Ce sage conseil, qui honore le magistrat, prévalut sans doute, car aucun document ne mentionne des condamnations nouvelles se rattachant à l’affaire du chevalier de Rohan. D’autres complots marquèrent-ils cette période du grand règne? On peut l’affirmer hardiment, et d’ailleurs la certitude existe que des passions mauvaises continuèrent à fermenter. Ainsi le 20 février 1682 cet auditeur à la chambre des comptes dont il a été question dans le procès des poisons, Jean Maillard, fut condamné à mort pour n’avoir pas révélé des projets criminels contre le roi. Sept années plus tard, le 4 octobre 1689, le marquis de Seignelay écrivait à La Reynie pour l’informer d’une conspiration contre Louis XIV et contre l’état. « Il y a sept personnes, ajoutait-il, qui doivent être arrêtées et conduites à Vincennes, et comme il est important qu’elles n’aient aucune communication, le roi veut que vous y alliez vous-même pour faire préparer les logemens...[1] » Heureusement aucun de ces projets n’aboutit, et sauf quelques cas exceptionnels, comme dans les affaires de Bonnesson, de Roux de Marcilly et du chevalier de Rohan, ils restèrent le secret de la police. Ce règne, l’un des plus longs de nos annales, et qui eut aussi ses agitations, aujourd’hui trop oubliées, ne fut souillé par aucune tentative sérieuse d’assassinat. Ces fureurs criminelles, qui ont, hélas ! réveillé tant de fois en sursaut la France du XIXe siècle, s’arrêtèrent devant Louis XIV. Leur dernière explosion avait, il est vrai, été terrible, car en frappant dans la force de l’âge, le 14 mai 1610, le prince chez qui tant de fermeté et de courage, de bon sens et de grandes vues s’unissait aux plus vives qualités de l’esprit, le monstre du fanatisme avait fait à la France, au triple point de vue de son influence extérieure, de sa prospérité et du développement régulier des libertés publiques, une blessure que nulle autre n’égala jamais.

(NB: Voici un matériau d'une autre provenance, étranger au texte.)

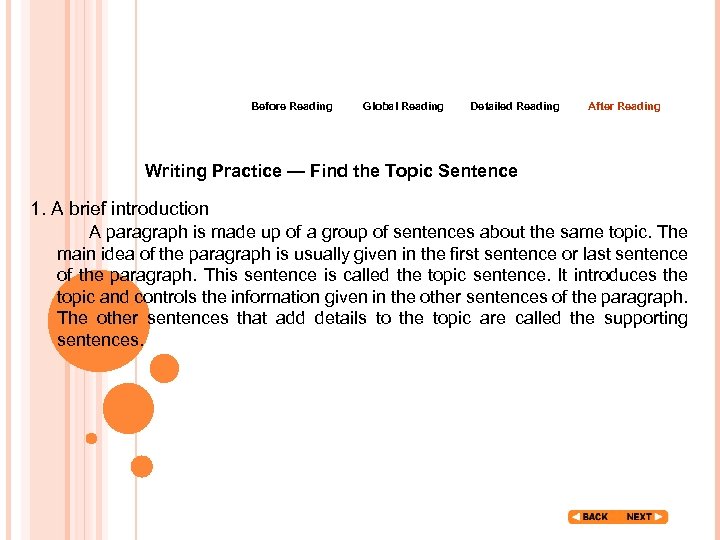 Before Reading Global Reading Detailed Reading After Reading Writing Practice — Find the Topic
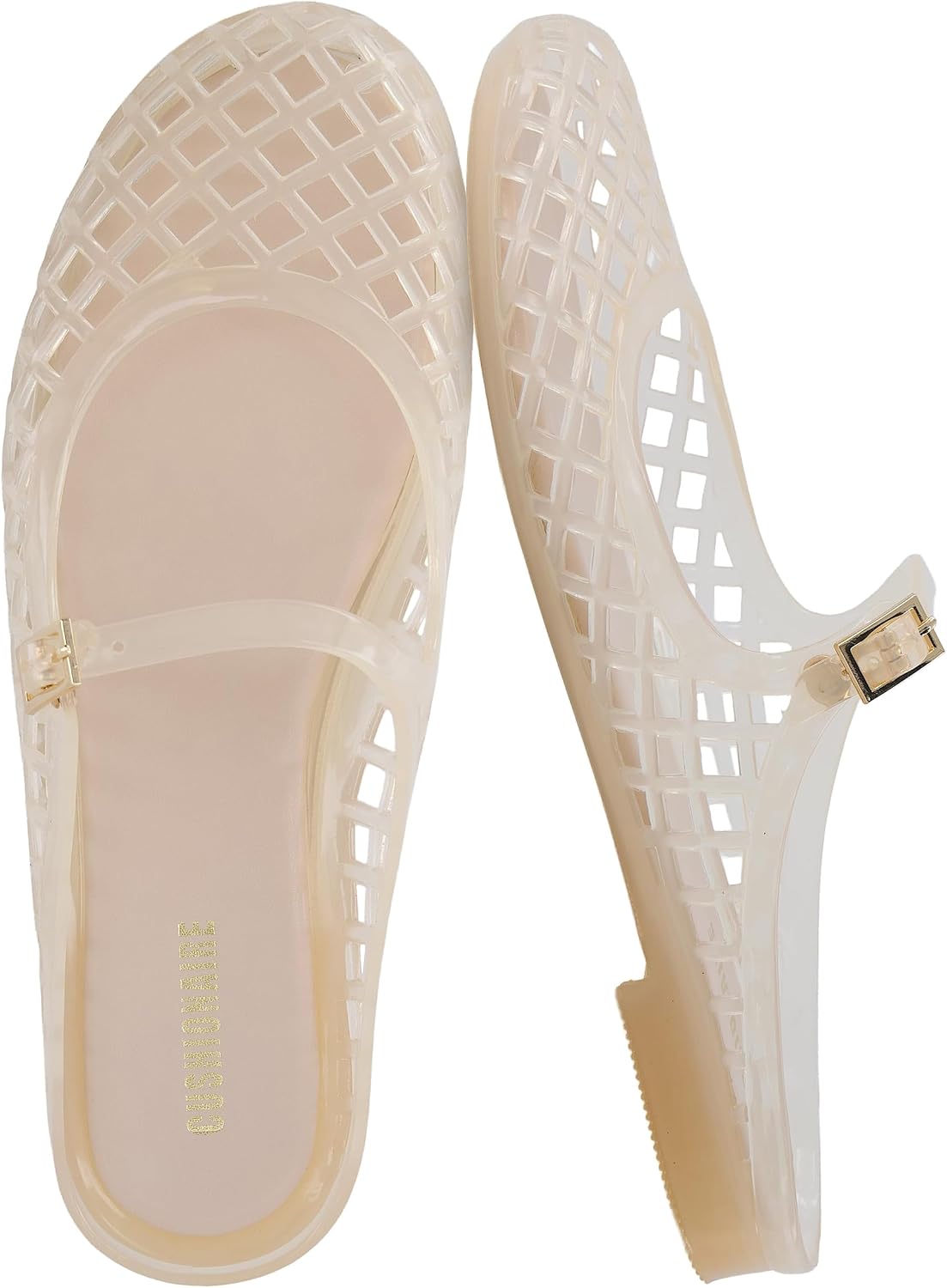 CUSHIONAIRE Java Casual Womens Jelly Flats with Adjustable Strap, Closed Toe Mary Janes Mule Design, Waterproof Jelly Sandals for Women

C’est encore pendant l’administration de La Reynie que survint un des plus graves incidens qui aient troublé notre pays. Tant que vécut Turenne, la question religieuse, traitée avec les ménagemens que commandait la raison politique, ne causa au gouvernement de Louis XIV que des difficultés d’un ordre secondaire. A la mort de Tu-

  1. Archives de l’empire, Registres des secrétaires d’état, 1689.